La campagne, ici, c’est des prés, des haies, quelques champs, des vallons, des fourrés, des bosquets, des bois et des forêts, des rochers lorsque la pente est trop raide ou que la terre est trop maigre, des ruisseaux d’eau vive, des étangs et des lacs, mais aussi des perspectives, des lignes de fuite, des ciels immenses, des villages clairsemés et leurs cortèges de hameaux éparpillés au gré des replis et des replats.
Aujourd’hui, c’est l’hiver et tout semble endormi sous l’épais manteau de neige. Par instants, un timide soleil s’aventure entre les nuages, comme curieux de voir ce monde froid et blanc qui lui ressemble si peu. Mais il n’a pas la force de lutter contre le vent du nord. Ah oui, parlons-en, de celui-là! Il ne souffle pourtant pas très fort. Pas besoin. Une simple petite brise tranquille, égale, qui fait à peine trembloter les dernières feuilles roussies encore accrochées aux hêtres et aux charmes; mais qui, insistante, me fait regretter l’écharpe que j’ai laissée au porte-manteau.

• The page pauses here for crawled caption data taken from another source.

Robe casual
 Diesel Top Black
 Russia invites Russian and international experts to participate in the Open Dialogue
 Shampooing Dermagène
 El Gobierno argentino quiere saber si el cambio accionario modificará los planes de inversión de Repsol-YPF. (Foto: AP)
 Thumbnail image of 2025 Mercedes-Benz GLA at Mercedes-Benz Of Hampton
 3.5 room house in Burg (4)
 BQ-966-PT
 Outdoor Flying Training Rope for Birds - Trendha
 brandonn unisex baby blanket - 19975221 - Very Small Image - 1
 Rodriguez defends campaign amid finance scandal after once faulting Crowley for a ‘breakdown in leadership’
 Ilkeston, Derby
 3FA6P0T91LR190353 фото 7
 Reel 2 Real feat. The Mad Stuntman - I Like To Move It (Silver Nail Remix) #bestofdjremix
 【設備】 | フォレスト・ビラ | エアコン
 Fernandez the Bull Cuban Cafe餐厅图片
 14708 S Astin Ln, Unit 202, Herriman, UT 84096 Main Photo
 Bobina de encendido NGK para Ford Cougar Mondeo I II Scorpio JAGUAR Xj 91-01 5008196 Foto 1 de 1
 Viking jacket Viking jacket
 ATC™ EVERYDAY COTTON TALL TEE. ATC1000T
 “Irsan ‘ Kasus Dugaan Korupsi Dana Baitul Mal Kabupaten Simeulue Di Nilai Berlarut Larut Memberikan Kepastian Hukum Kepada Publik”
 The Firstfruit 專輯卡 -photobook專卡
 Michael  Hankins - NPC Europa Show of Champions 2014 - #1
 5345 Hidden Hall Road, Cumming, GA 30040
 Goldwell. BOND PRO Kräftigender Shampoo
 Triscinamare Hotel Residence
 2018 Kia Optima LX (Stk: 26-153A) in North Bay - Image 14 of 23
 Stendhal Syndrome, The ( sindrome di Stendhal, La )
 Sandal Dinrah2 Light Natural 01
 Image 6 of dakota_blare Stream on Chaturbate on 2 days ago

Tout semble dormir, donc, mais pour s’en dissuader, il faut se pencher et même, au risque de s’en plaindre plus tard, s’agenouiller dans la neige et observer. Écouter le friselis des cristaux qui se détachent de la clôture et qui, entraînés par ce vent faible et la pente du fossé, se hâtent de finir leur course dans l’ombre bleue au fond de la rigole gelée. Une feuille devient le jouet de la bise et roule sur elle-même dans un petit crissement nerveux. Avec encore un peu de patience et beaucoup de chance, voir une musaraigne surgir de nulle part, d’un trou dans la neige, au pied d’un piquet de clôture, faire trois bonds et disparaître derrière une touffe d’herbe jaunie. Et puis cette taupe qu’on entend gratter avant de soulever son monticule de terre humide d’où s’échappe à la hâte un ver que l’animal n’a pas su attraper.
Alors bien sûr, quand on se relève, pantalon mouillé et genoux engourdis et qu’on regarde les champs de neige, les bosquets givrés, les lointains adoucis par cette brume de froid mêlée de fumées bleues, on peut se dire que, de loin, tout semble dormir.
Là-haut, au dessus de moi, lentement, une buse solitaire tournoie dans le ciel cotonneux.